Saving Data with ASDF

Pyatoa stores data and processing results to PyASDF ASDFDataSets, which are seismological data structures built upon the HDF5 file format.

Data are stored as ObsPy or NumPy objects within the ASDFDataSet and can be easily retrieved for later processing.

Collections of ASDFDataSets can be read by the Inspector class to perform bulk misfit assessment.

To load an example dataset to play around with:

from pyatoa.scripts.load_example_data import load_example_asdfdataset

ds = load_example_asdfdataset()

Writing Data to a Dataset

Pyatoa stores data, metadata and processing results in ASDFDataSets.
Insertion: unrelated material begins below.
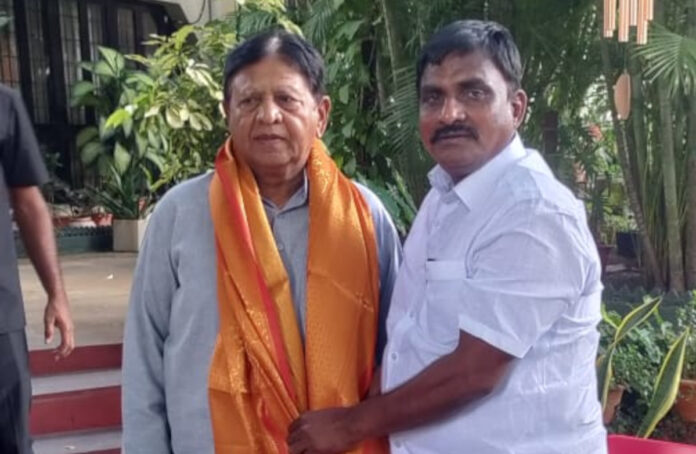 ప్రభుత్వ సలహాదారు సుదర్శన్ రెడ్డిని కలిసిన నారెడ్డి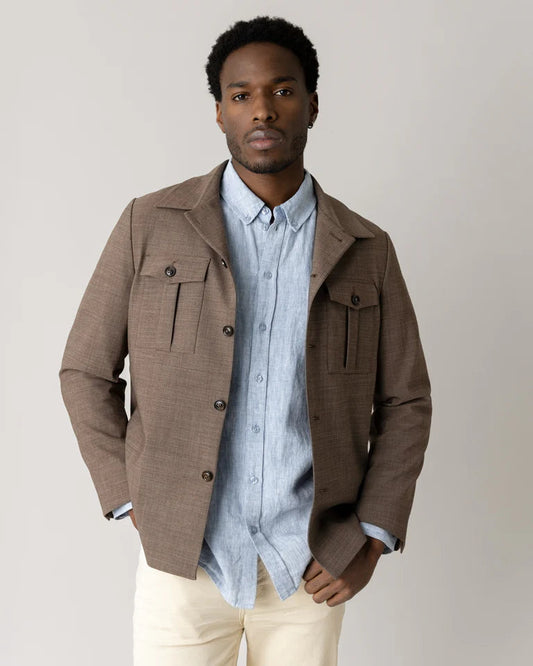 Mos Mosh Gallery Jacob Overshirt Falcon Beige gedragen met hemd als alternatief voor een blazer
This can either be done manually, or automatically during a processing workflow.

Writing Data Manually

The write function of the Manager writes data to ASDFDataSets, including: observed waveforms, synthetic waveforms, station metadata, event metadata, misfit windows and adjoint sources.

from pyasdf import ASDFDataSet
from pyatoa import Manager

ds = ASDFDataSet("example.h5")
mgmt = Manager(ds=ds)
# ... some processing steps

mgmt.write(ds=ds)

The Config class can also write itself to a dataset, this must be done separate from the Manager write.

from pyatoa import Config

cfg = Config()
cfg.write(write_to=ds)

Writing Data Automatically

Prior to data gathering and processing with the Manager, you can set the Config parameter save_to_ds to tell a Manager to automatically save any data and processing results to the dataset (this is set True by default).

The Manager must be supplied a valid ADSFDataSet. See the data discovery page for automated data discovery routines.

from pyatoa import Config, Manager
from pyasdf import ASDFDataSet

ds = ASDFDataSet("example.h5")
cfg = Config(save_to_ds=True, paths={...})  # paths set to local data
mgmt = Manager(ds=ds, config=cfg)
mgmt.gather()  # <- automatically stores gathered data to dataset
mgmt.standardize().preprocess()
mgmt.window()  # <- automatically stores misfit windows to dataset
mgmt.measure()  # <- automatically stores adjoint sources to dataset

Accessing Data from Datasets

This section details how to access waveforms, misfit results and metadata stored inside an ASDFDataSet.

See the PyASDF documentation for more information.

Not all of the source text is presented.